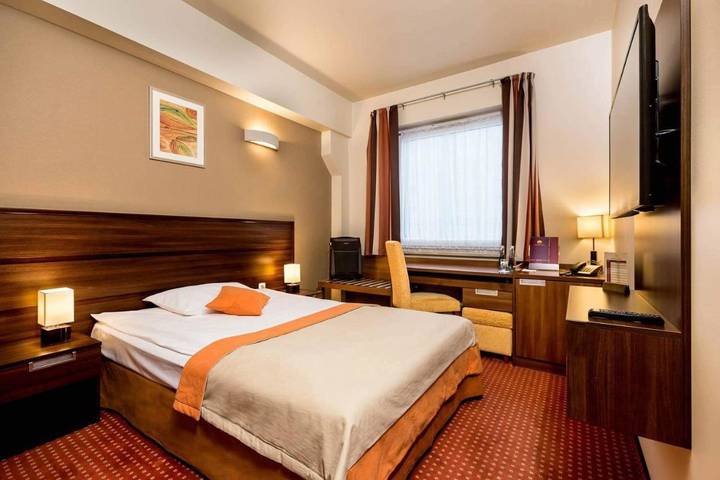 Hotel dla 4 osób, z widok i sauna oraz taras w Kielce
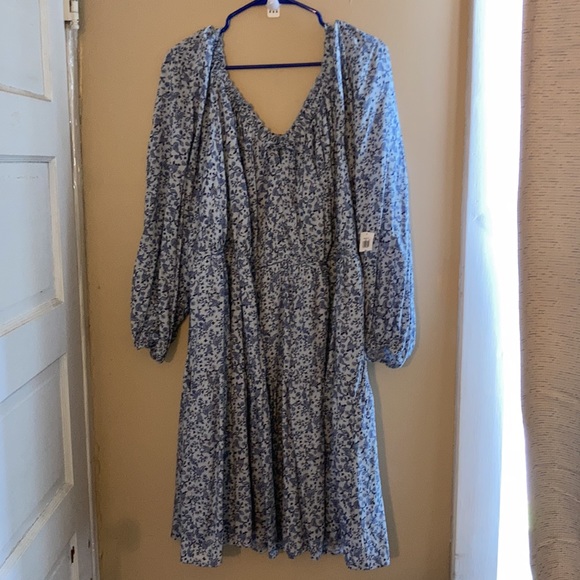 Blue Paisley Floral Print Dress - Picture 5 of 8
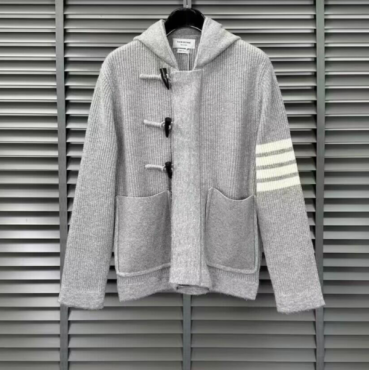 Thom Browne 2023  Mm/Wm V-neck Cardigan 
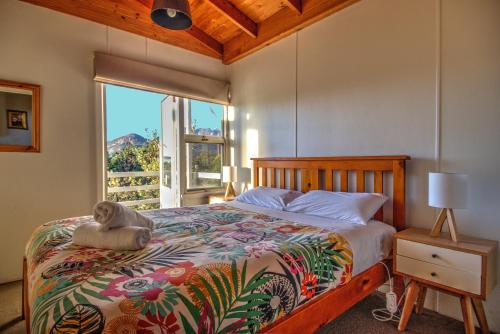 Un dormitorio con una cama con un osito de peluche. en Freycinet Beachfront Retreat, en Coles Bay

* _Aim of the task_: Leave every picture out and copy precisely the lines from the one containing "Blue Paisley Floral" through the last line of the data above, both ends included.

* _Response for this exercise_:
 Blue Paisley Floral Print Dress - Picture 5 of 8
 Thom Browne 2023  Mm/Wm V-neck Cardigan 
 Un dormitorio con una cama con un osito de peluche. en Freycinet Beachfront Retreat, en Coles Bay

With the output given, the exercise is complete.